**How to complete this task**: Transcribe nothing except the lines below that run from the one with "Property photo of" to the one with "Page 5 of Chapter 85", ends included, and do not copy any picture.

**Data records**:
========================================

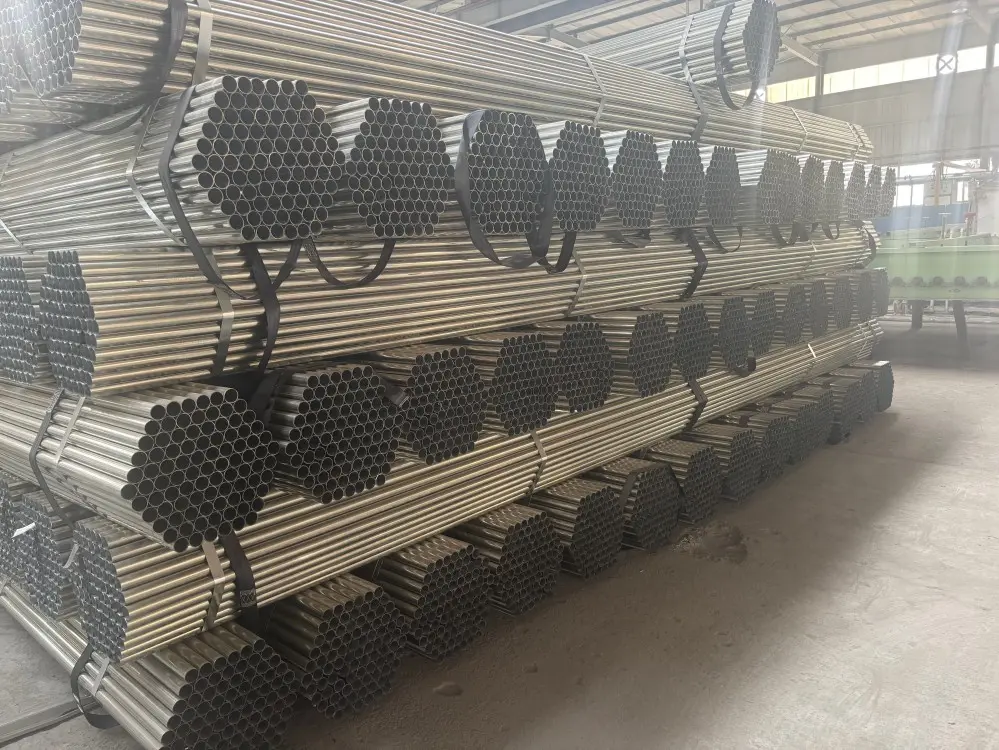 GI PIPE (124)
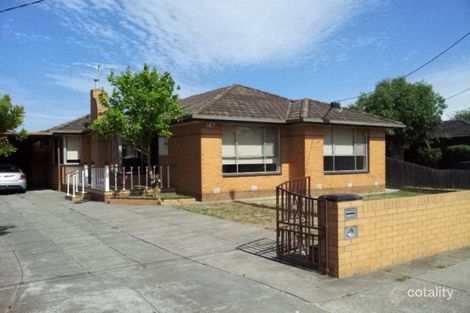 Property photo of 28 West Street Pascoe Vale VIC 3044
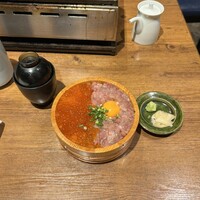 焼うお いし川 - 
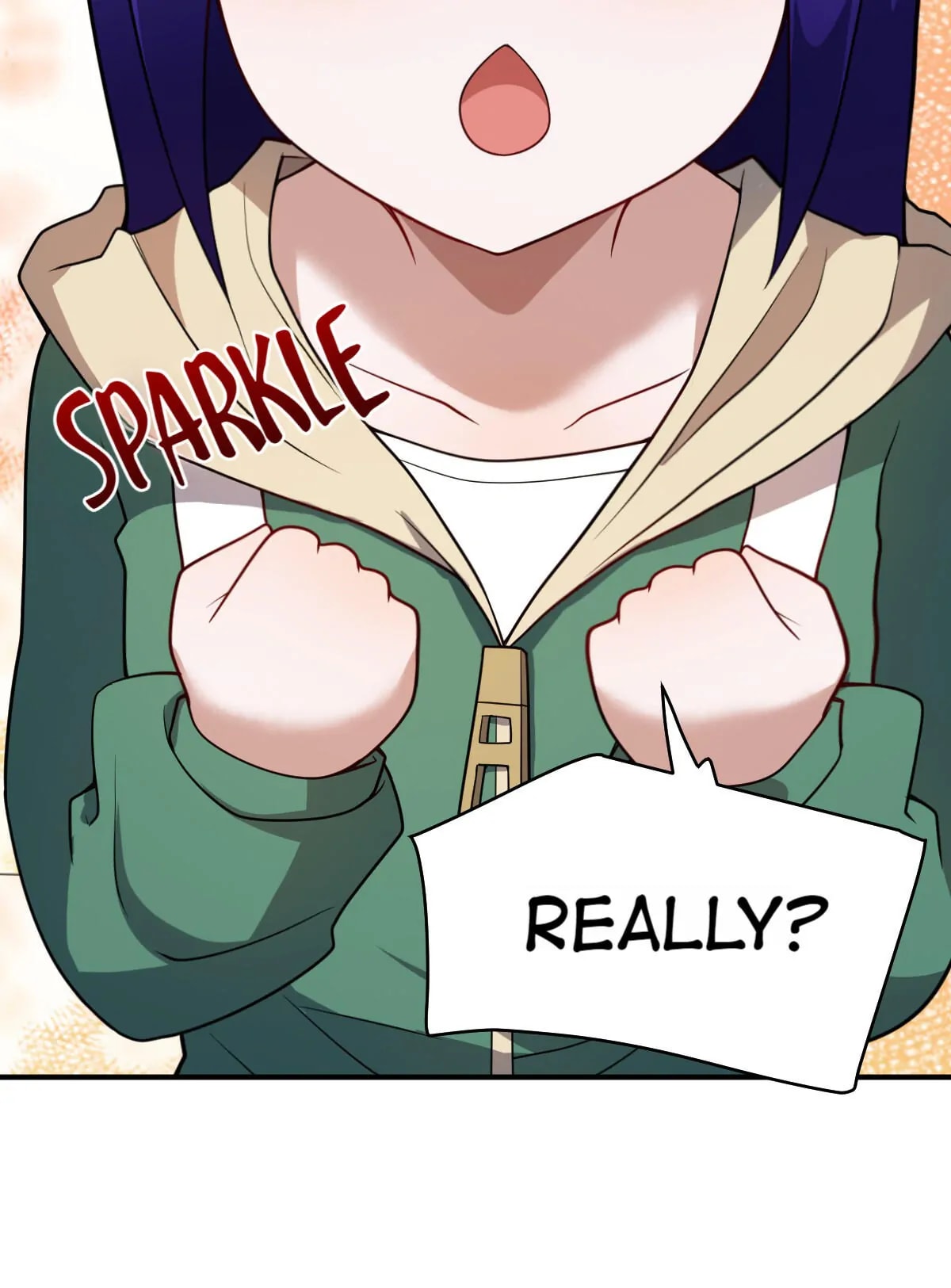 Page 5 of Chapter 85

========================================

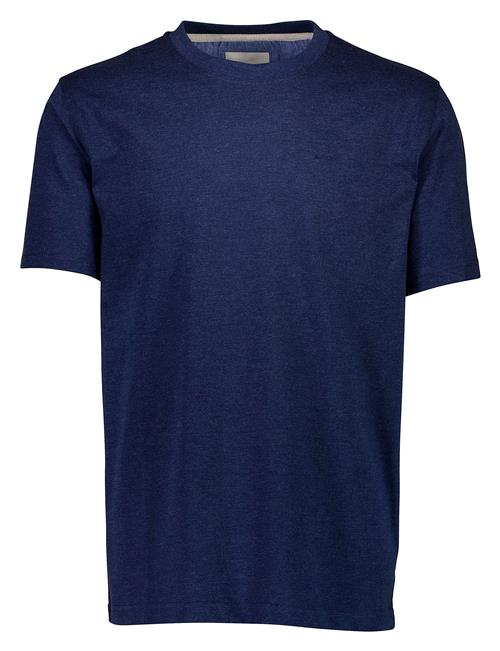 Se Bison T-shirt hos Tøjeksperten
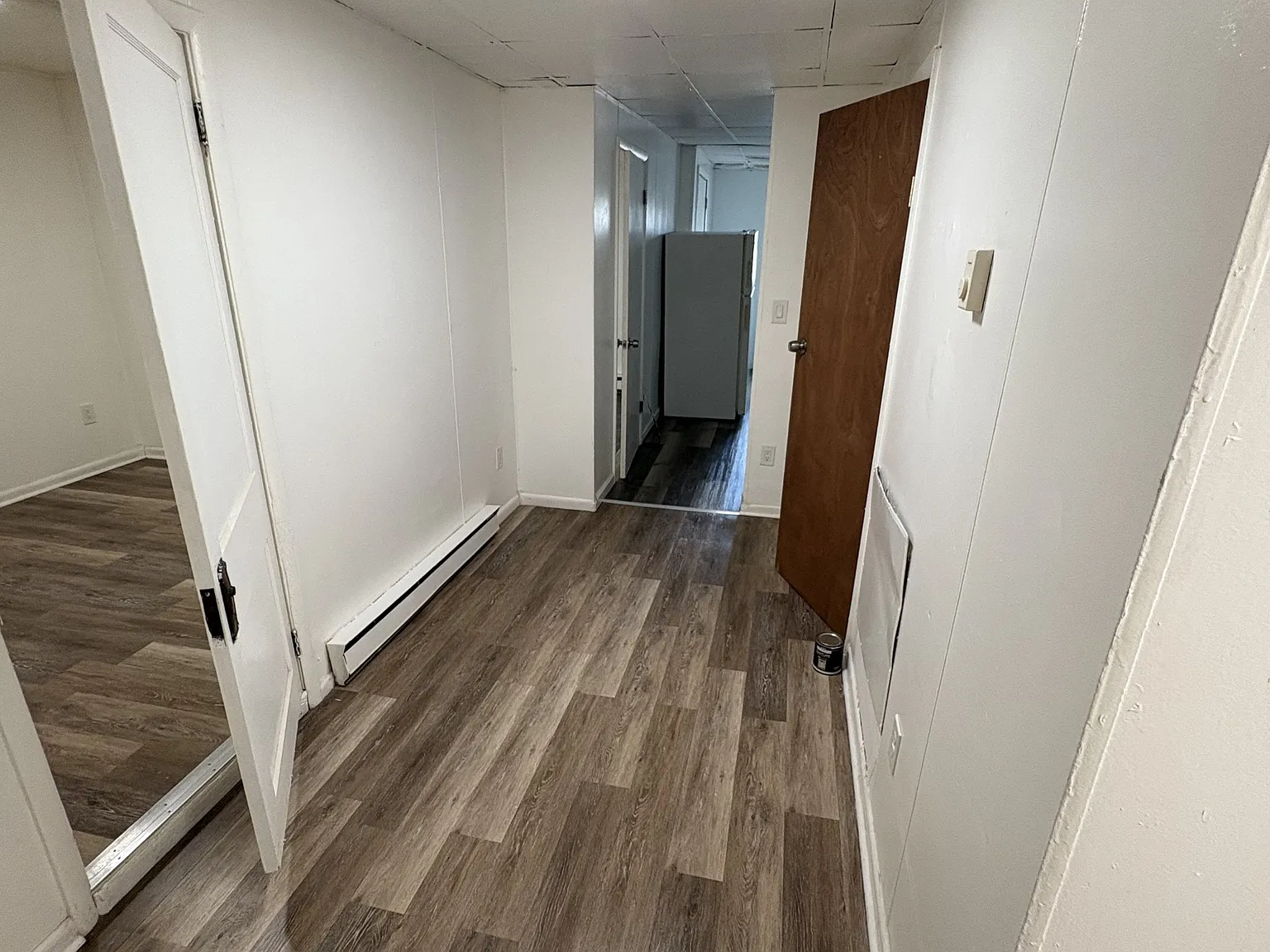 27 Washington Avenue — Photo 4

========================================

**Answer to the problem**:
 Property photo of 28 West Street Pascoe Vale VIC 3044
 焼うお いし川 - 
 Page 5 of Chapter 85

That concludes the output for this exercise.